=== Exercise requirements ===
Please repeat exactly the lines from the one containing "Bố Tôi Là Đặc Vụ Chapter 212 - Trang 2" to the end of the entries below, both included, and omit all pictures.
*** Opening Data shown ***
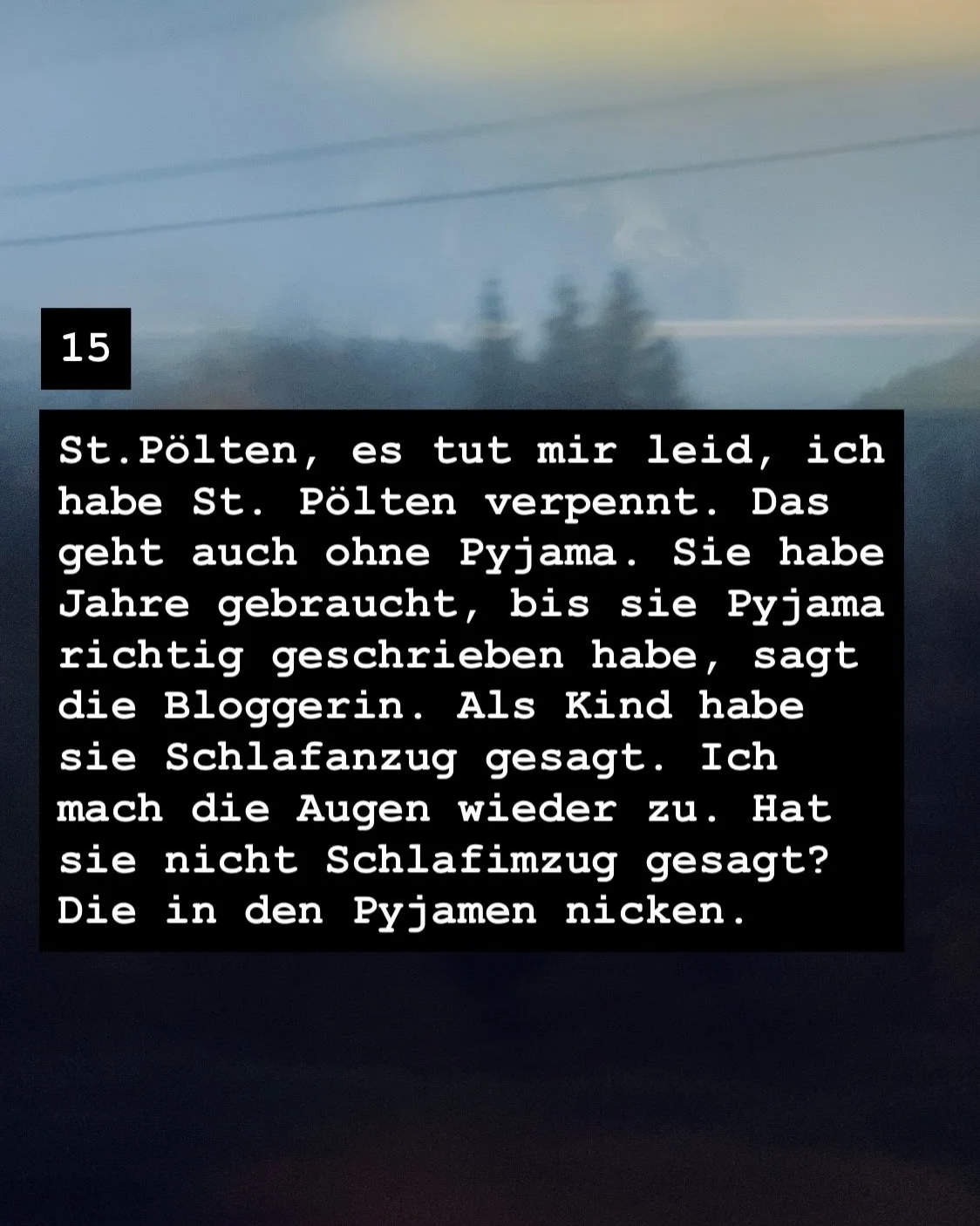 075907F3-2457-4D9E-8E85-340D565EB623.png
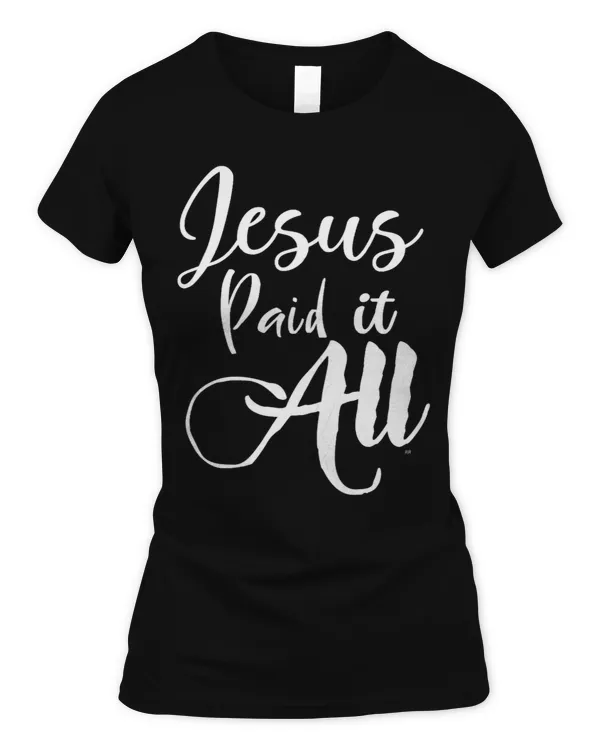Women's Soft Style Fitted T-Shirt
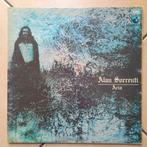 Alan Sorrenti, New Trolls - 3 x albums - Différents titres -, Cd's en Dvd's, Nieuw in verpakking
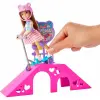 BARBİE HJY35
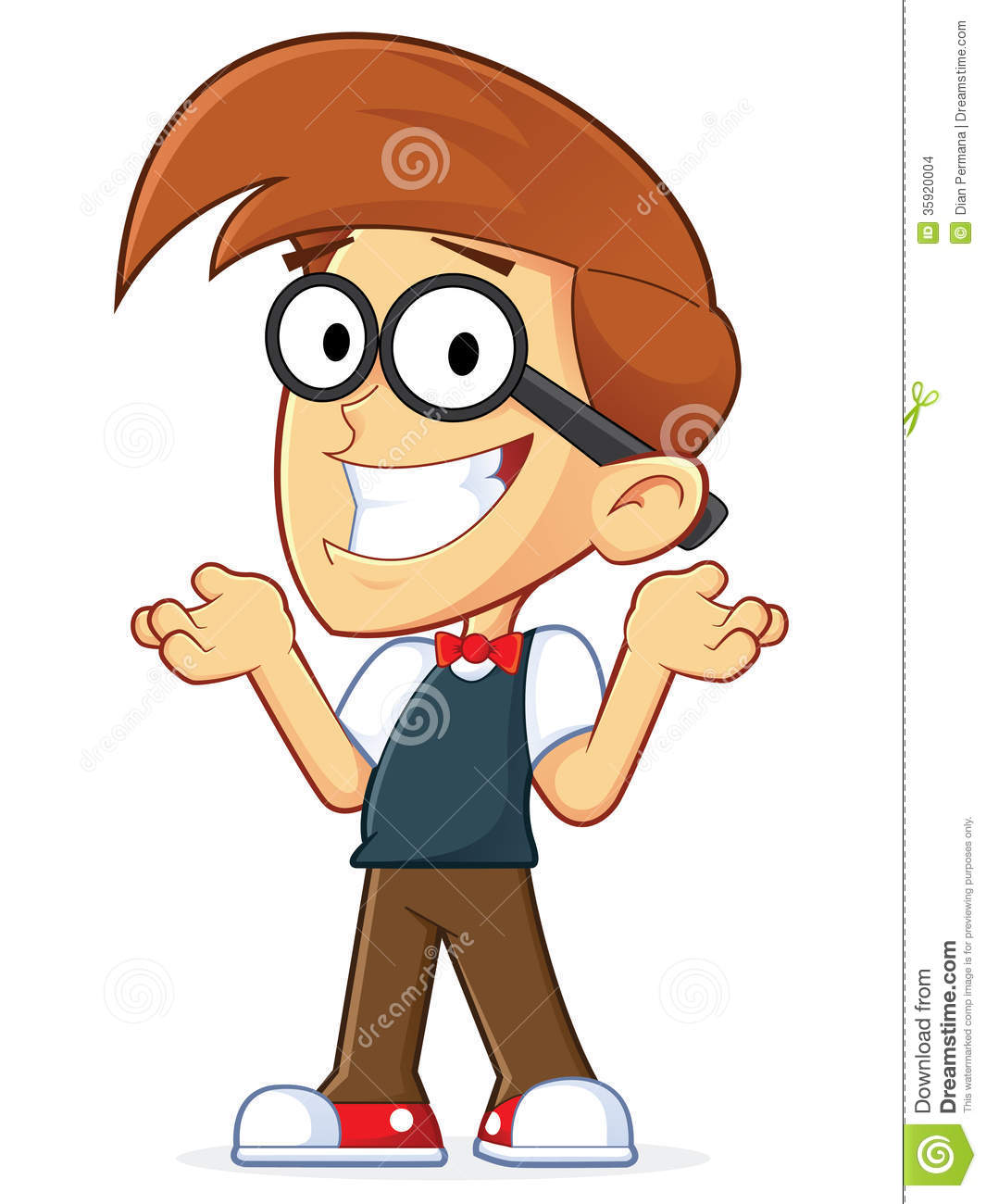 1065x1300 Geek Girl Clipart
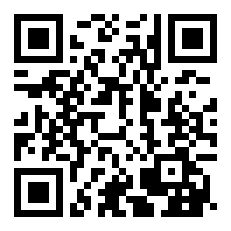 12月3日嘉峪关疫情现状详情 甘肃嘉峪关最新疫情目前累计多少例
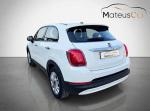 fiat-500x-2015-diesel-1598cc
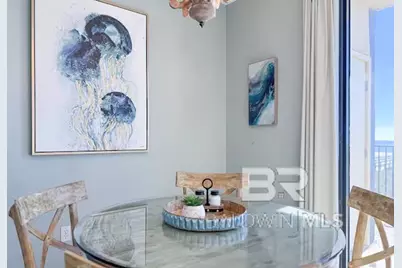 27008 Perdido Beach Boulevard #205, Orange Beach, AL 36561 - Photo 11
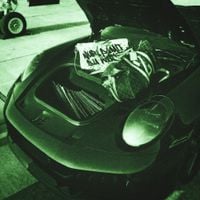reezy - NUR DAMIT DU WEISST 2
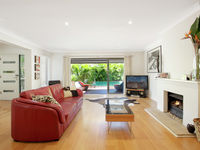 photo property thumbnail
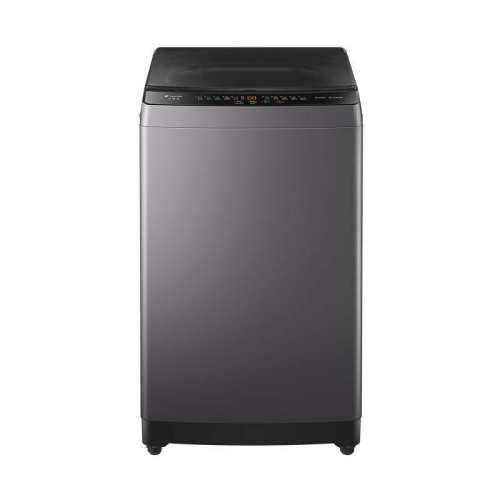 �Ծɻ��²���������Ʒͳ˧10.2KGȫ�Զ�����ϴ�»��ⷿ����20D1 ������ 698.7Ԫ(������)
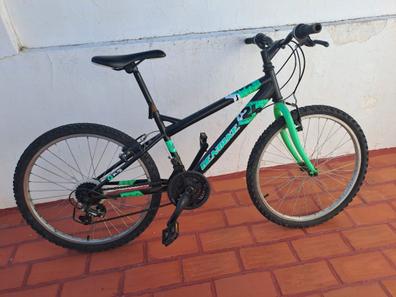 Denbike 24 2024 pulgadas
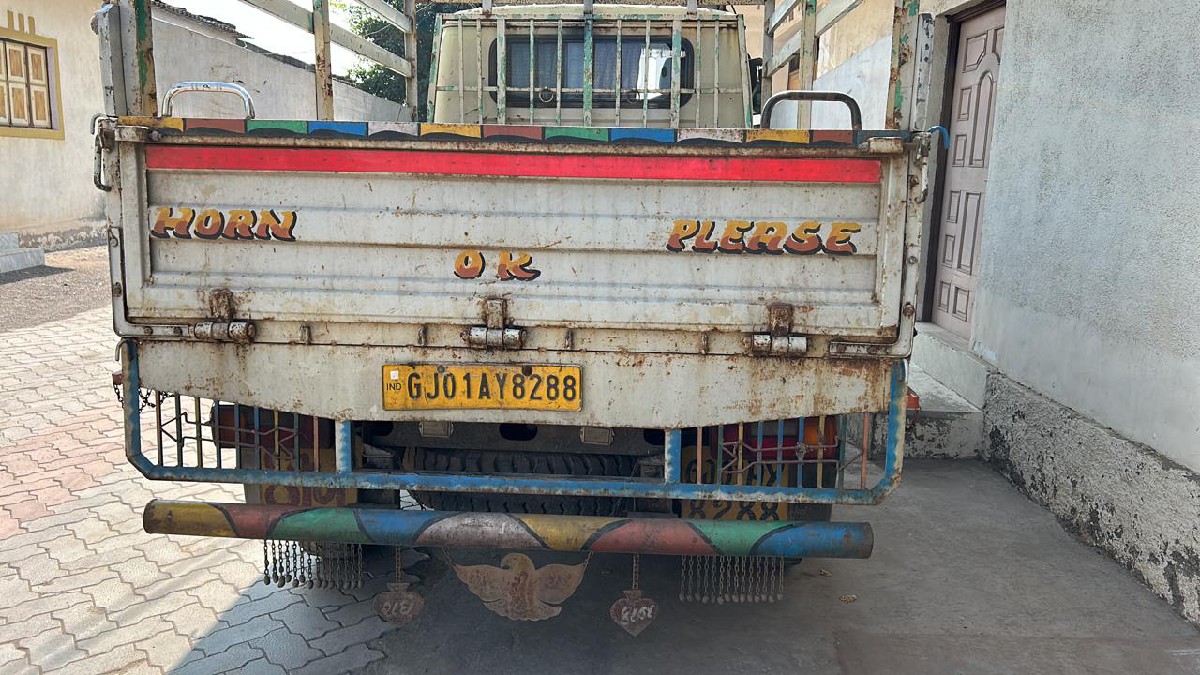 Post Image 3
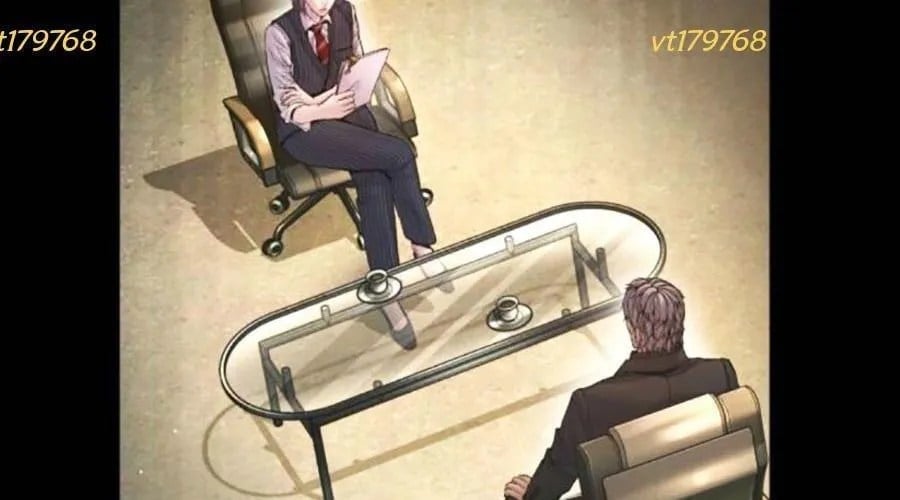 Bố Tôi Là Đặc Vụ Chapter 212 - Trang 2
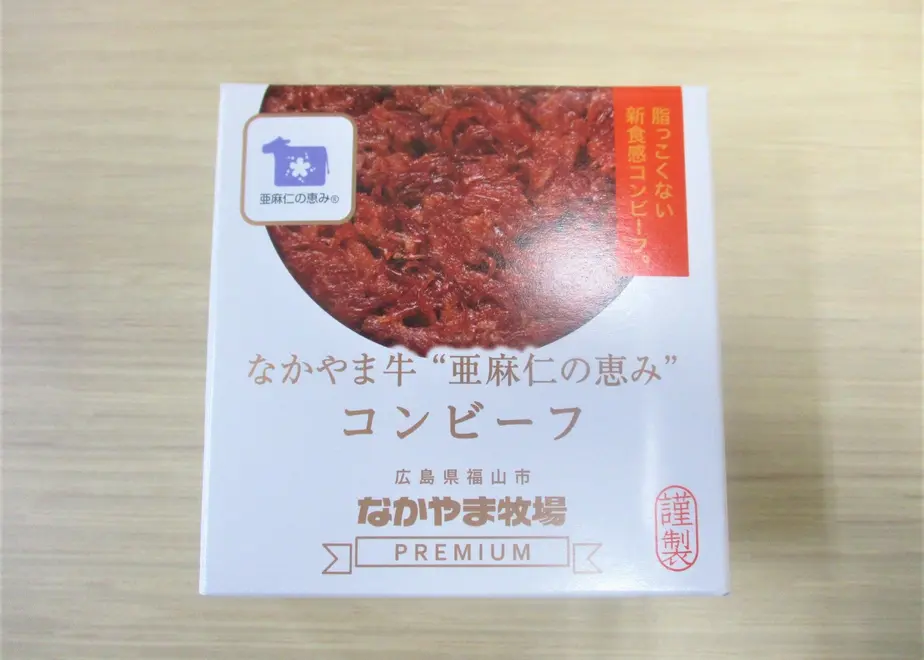 6183a8d5a92a781e038d5cb1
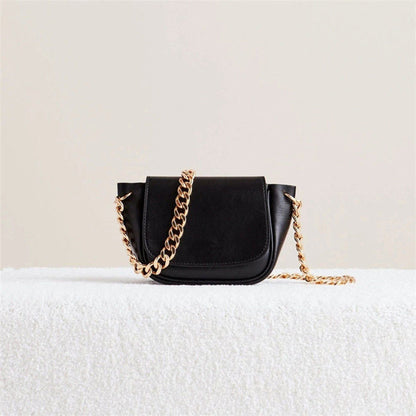 Bolsa Crossbody Feminina Miles Belevita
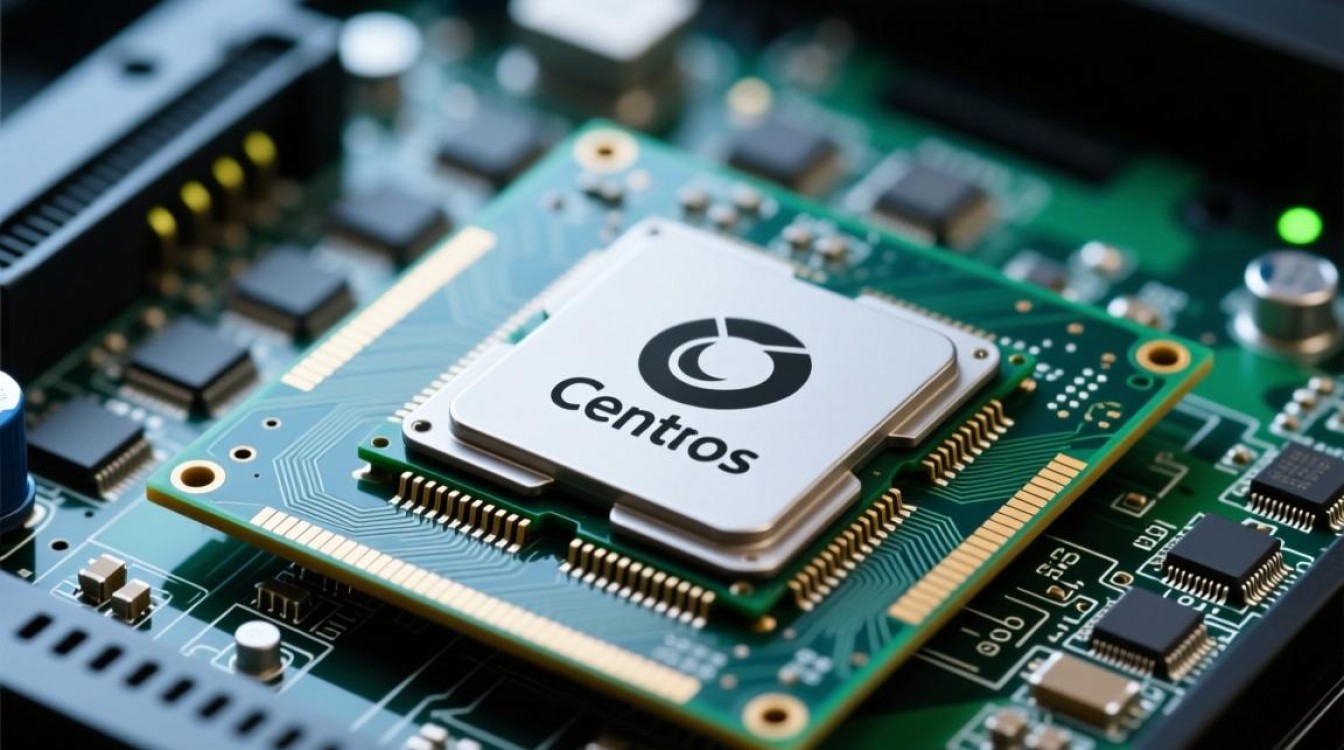 Centos系统动态扩展CPU资源教程-图2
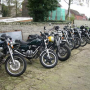 2004-Ostern-003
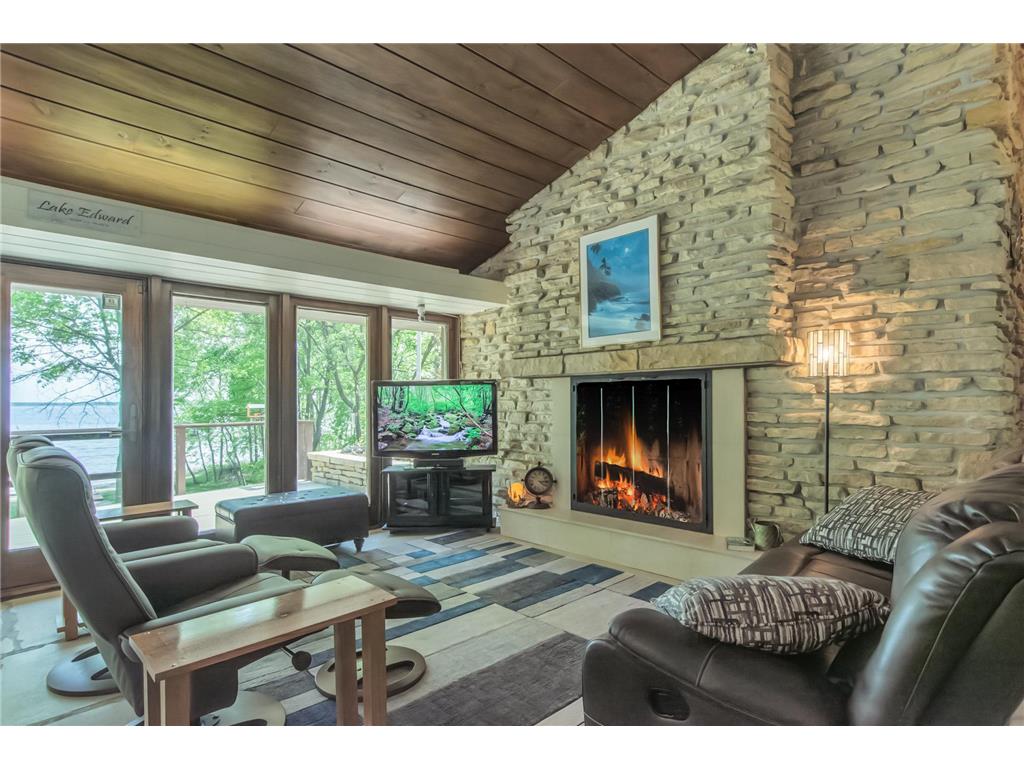 11695 Eagle View Trail Nisswa MN 56468 - Edward 7083930 image4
*** Closing Data shown ***
=== Exercise response ===
 Bố Tôi Là Đặc Vụ Chapter 212 - Trang 2
 6183a8d5a92a781e038d5cb1
 Bolsa Crossbody Feminina Miles Belevita
 Centos系统动态扩展CPU资源教程-图2
 2004-Ostern-003
 11695 Eagle View Trail Nisswa MN 56468 - Edward 7083930 image4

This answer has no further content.